Now that the market has rebounded close to the all-time highs hit in January, should investors fear another big swoon, or play for a fresh breakout?
Sebastian and Cramer began by looking at charts of the Volatility Index, also known as the fear index, and the S&P 500. Normally when stocks are moving higher, bulls want the VIX to be going down.
In comparing the S&P 500 since the beginning of the year, the charts showed that both were rising going into the January peaks. That was bad because the two measures never move the same way for very long. Either the VIX heads back down, or, as happened earlier this year, stocks take a tumble and the VIX spikes.
Sebastian told Cramer that most of the time, when the VIX and the S&P are trading together, the VIX turns out to be right and the S&P turns out to be wrong.
So how about right now? Sebastian notes that over the past month, since June 27, the S&P is up about 130 points, or almost 5%, while the VIX has fallen from 18 to around 12.
Sebastian says that very bullish because it's a sign that traders are not rushing to buy put options to protect against wild swings. In fact, traders are expecting less volatility, not more. For Sebastian that's a sign that big institutional money managers, who use options as insurance, like what they see and believe in the rally.
While disappointing earnings could quickly turn that sentiment around, Sebastian says it's unusual to see the VIX falling sharply heading into the heart of earnings season. After all, dozens of companies reporting financial results can lead to volatility. And the VIX did rise ahead of earnings season in January and April.
With the VIX still falling going into this earnings season, Sebastian views the trend as a positive development, at least on the surface.
But Sebastian told Cramer he is watching the relationship between two other charts closely: the normal Volatility Index and the VIX Volatility Index, or VVIX, which measures the volatility of the VIX itself.
What does Sebastian make of this picture? While the VVIX certainly isn't popping here, the fact that it's still holding near 100 is a sign that VIX traders themselves are still a bit wary. While the Volatility Index has come down dramatically, the VVIX has been pretty steady.

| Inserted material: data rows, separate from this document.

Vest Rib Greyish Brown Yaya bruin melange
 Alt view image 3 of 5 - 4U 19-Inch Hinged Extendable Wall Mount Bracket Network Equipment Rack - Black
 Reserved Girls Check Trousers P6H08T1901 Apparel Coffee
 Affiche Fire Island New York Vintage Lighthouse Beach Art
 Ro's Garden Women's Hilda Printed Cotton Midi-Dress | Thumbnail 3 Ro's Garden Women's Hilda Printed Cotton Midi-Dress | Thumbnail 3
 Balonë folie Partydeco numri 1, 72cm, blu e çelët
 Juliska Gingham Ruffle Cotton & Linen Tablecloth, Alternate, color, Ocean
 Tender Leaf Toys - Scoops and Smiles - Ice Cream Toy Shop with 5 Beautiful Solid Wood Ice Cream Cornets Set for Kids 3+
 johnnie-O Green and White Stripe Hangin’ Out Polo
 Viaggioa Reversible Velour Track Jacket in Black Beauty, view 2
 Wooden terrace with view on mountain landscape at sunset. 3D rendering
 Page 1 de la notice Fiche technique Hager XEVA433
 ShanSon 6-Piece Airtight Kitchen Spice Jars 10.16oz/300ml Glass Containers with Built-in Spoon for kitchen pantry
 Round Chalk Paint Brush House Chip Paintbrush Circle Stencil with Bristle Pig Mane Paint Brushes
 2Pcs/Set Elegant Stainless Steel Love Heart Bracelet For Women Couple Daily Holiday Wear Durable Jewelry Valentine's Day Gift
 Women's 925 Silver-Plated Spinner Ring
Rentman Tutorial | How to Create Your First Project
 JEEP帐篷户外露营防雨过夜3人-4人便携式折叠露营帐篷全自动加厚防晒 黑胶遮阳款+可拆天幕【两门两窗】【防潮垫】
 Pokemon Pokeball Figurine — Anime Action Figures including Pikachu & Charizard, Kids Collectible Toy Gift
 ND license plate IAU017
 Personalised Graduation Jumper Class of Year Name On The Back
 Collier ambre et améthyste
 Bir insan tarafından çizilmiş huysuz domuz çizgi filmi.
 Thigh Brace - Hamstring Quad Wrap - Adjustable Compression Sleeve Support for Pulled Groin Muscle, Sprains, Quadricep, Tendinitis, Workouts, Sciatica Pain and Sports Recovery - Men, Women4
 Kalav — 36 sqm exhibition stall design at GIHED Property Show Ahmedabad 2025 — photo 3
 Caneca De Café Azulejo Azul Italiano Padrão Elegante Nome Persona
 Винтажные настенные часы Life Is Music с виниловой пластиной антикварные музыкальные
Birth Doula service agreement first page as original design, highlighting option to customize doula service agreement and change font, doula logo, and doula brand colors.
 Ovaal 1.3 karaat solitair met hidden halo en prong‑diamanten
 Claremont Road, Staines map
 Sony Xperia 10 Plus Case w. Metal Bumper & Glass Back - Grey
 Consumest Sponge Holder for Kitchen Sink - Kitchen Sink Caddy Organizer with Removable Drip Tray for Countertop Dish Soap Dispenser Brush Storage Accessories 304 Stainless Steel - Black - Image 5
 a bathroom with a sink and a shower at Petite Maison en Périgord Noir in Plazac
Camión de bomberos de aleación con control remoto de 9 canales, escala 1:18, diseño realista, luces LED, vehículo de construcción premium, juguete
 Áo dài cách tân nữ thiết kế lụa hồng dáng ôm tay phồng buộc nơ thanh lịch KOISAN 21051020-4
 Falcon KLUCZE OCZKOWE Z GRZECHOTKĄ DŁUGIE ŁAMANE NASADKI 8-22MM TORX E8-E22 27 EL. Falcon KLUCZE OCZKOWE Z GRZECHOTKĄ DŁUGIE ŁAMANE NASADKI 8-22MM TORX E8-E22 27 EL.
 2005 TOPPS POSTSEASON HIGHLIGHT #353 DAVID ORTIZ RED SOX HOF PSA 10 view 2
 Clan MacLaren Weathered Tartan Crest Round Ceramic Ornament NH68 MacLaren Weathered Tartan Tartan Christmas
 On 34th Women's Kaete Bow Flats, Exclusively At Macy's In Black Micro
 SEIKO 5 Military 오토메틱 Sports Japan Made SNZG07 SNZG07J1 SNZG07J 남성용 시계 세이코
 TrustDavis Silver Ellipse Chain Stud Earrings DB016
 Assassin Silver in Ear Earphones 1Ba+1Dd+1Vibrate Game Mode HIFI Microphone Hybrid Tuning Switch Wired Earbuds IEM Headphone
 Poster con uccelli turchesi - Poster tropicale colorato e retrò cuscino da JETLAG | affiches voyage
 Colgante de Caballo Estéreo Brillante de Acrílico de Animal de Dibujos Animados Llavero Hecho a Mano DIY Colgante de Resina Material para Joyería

Sebastian says that if the VIX does go below 12 for a few days and the VVIX fails to go back to 90 or even lower, that would be a bad sign because it would imply that volatility will be going back up, and if the VIX does start to rally along with the S&P 500, that's never a good sign.
In short, if the VIX keeps going lower but the VVIX doesn't come down with it, Sebastian thinks you should expect some choppiness in the stock market, maybe yet another painful month of August. But at the moment, both the volatility index and the VVIX are painting a positive picture.